The Prime Minister delivered a stunning rebuke to the NSW Liberal government minister over divisions in the party over climate action.
NSW Environment Minister Matt Kean has spoken out about tensions in the party over the issue, telling Sky News senior cabinet ministers want the Prime Minister to take strong action.
“Matt Kean doesn’t know what he’s talking about. He doesn’t know what’s going on in the federal cabinet,” Mr Morrison told ABC radio on Monday.
The Prime Minister then followed up with a personal attack, calling the minister’s profile into question.
“Most of the federal cabinet wouldn’t even know who Matt Kean was.”
Of the NSW LIBERAL environment minister the PM says “most of the federal cabinet wouldn’t even know who Matt Kean was”. If that’s true – which I HIGHLY doubt – any federal minister who doesn’t know who he is should be sack immediately for rank incompetence!
— Peter van Onselen (@vanOnselenP) January 19, 2020
It was a strange claim from the Prime Minister, given he signed a press release with Mr Kean barely three months ago.
Trade Minister Simon Birmingham admitted knowing who the NSW minister is. Asked if he knows Mr Kean, Mr Birmingham told Sky News: “Yes, I do.”
The Prime Minister, who is from the NSW branch of the party himself, has insisted the reported divisions over the climate are a “beat-up”.
The deadly and unprecedented bushfires have renewed public pressure on the government over its climate policies, with calls for the Coalition to take more action.
It has also seen a public shift in Mr Morrison’s approach to talking about the issue, insisting his government has always understood climate change, while some backbenchers continue to decry the science.
Mr Morrison has turned his focus on climate change adaptation and resilience, but has backed in coal exports and rejected a price on carbon emissions.
Mr Morrison also denied that federal Liberals were pushing to increase the emissions reduction target and ruled out a carbon tax.
“The government is completely united on focusing on the challenge of the response to the current bushfire crisis and meeting and beating our emissions reduction targets and taking our climate policies forward over the next term of government.”
The Prime Minister said the government was still aiming for a 26 per cent emission reduction, and noted that while the government had a target, “that can’t be said for everyone else”.
That was a swipe at Labor whose leader Anthony Albanese said it would review its 45 per cent target and might not set a 2030 target.
Mr Albanese said that while Labor wanted “ambitious” targets, the plan to cut emissions by 45 per cent below 2005 levels by 2030 was a policy developed in 2015 and should have been reviewed before last year’s election.
“Frankly, I think it was a mistake in 2019 to continue to say ‘well, we’ll do exactly what we’re doing in 2015″ – as if it hadn’t changed,” Mr Albanese told Sky News on Sunday.
NSW’s Mr Kean said he thought it wasn’t “just moderates that want more action when it comes to reducing our emissions, I think it’s people right across the party.
“It’s not just moderates that have been breathing in the smoke.

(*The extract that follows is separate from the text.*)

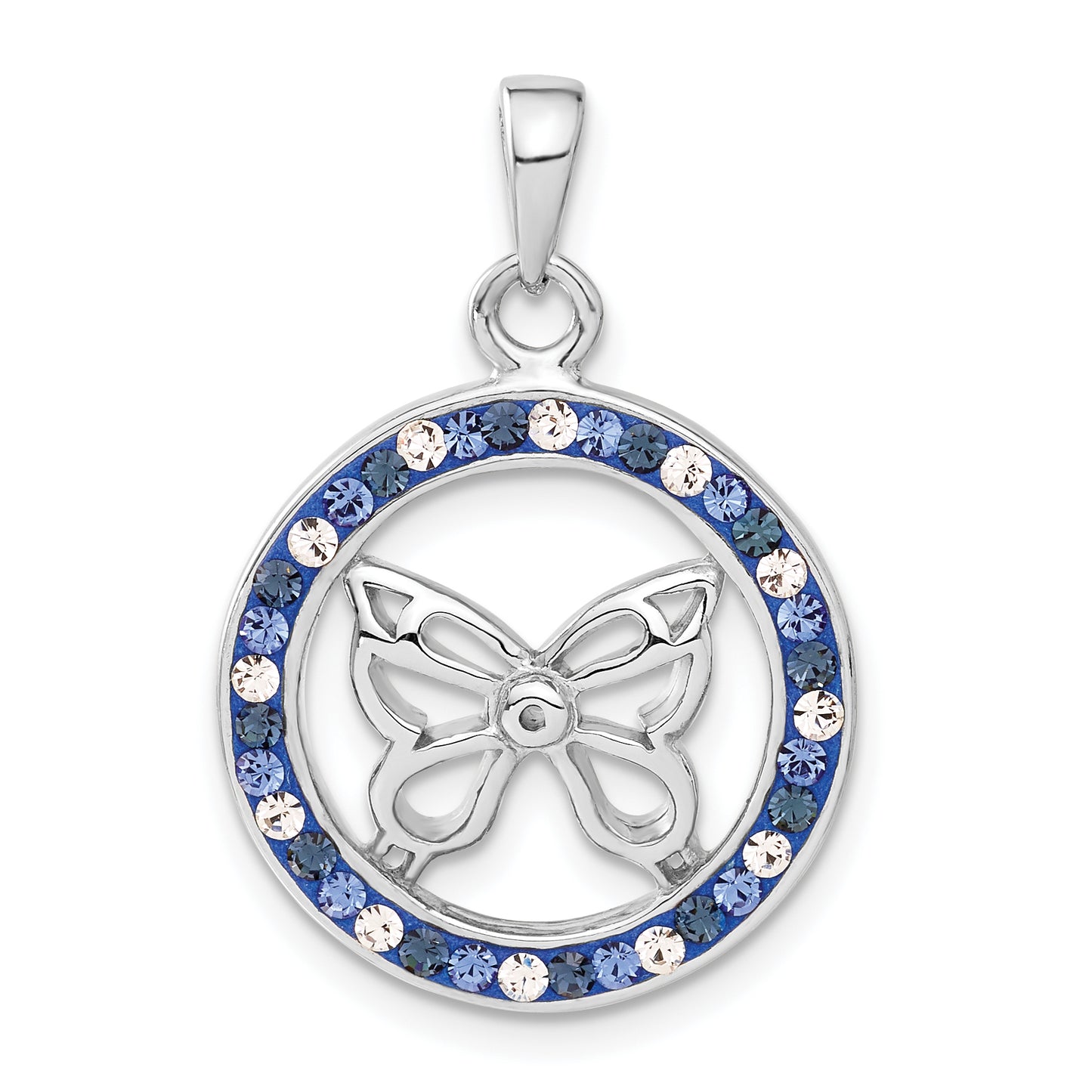 Sterling Silver Rhodium Plated Stellux Crystal Butterfly Pendant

It’s not just moderates that have seen the ash falling out of the sky. It’s not just moderates that have seen the devastating impacts these bushfires have had on people, property and our beautiful, natural environment,” he said.
“There is widespread support for the Prime Minister to take strong action when it comes to climate change and I understand a group of moderate MPs, and MPs right across the party, from different states, different factions, all want to see decisive and responsible action.”
Former prime minister Kevin Rudd believes the federal government has a problem when it comes to addressing the issue of climate change.
Speaking on CNN, Mr Rudd says Australia has “for the better part of a decade had continued, conservative government … which has run an agenda of climate change denial”.